Exercise requirements. Repeat the records below exactly from the line containing "Jaguar XF 4x4 R-Dynamic HSE - Thumbnail 14" to the line containing "Property photo for", taking in both of those lines. Drop the pictures.

Record set.
--- --- ---
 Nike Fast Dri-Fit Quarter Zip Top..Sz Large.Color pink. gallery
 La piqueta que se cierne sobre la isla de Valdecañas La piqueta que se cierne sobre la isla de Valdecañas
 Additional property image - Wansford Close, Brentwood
--- --- ---
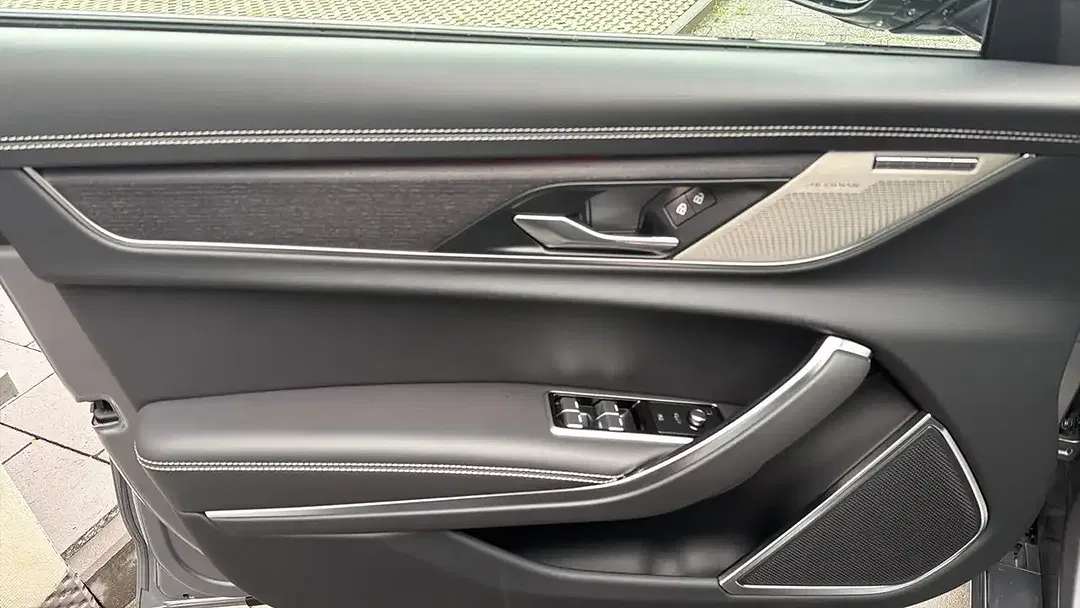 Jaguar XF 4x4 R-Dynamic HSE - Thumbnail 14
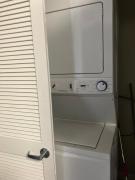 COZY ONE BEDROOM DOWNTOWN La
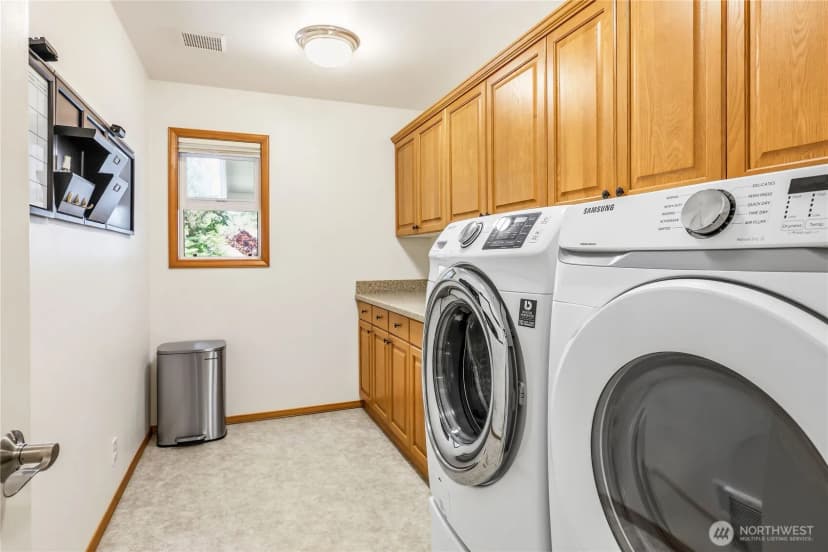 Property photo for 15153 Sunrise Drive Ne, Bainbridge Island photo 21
--- --- ---
Written answer.
 Jaguar XF 4x4 R-Dynamic HSE - Thumbnail 14
 COZY ONE BEDROOM DOWNTOWN La
 Property photo for 15153 Sunrise Drive Ne, Bainbridge Island photo 21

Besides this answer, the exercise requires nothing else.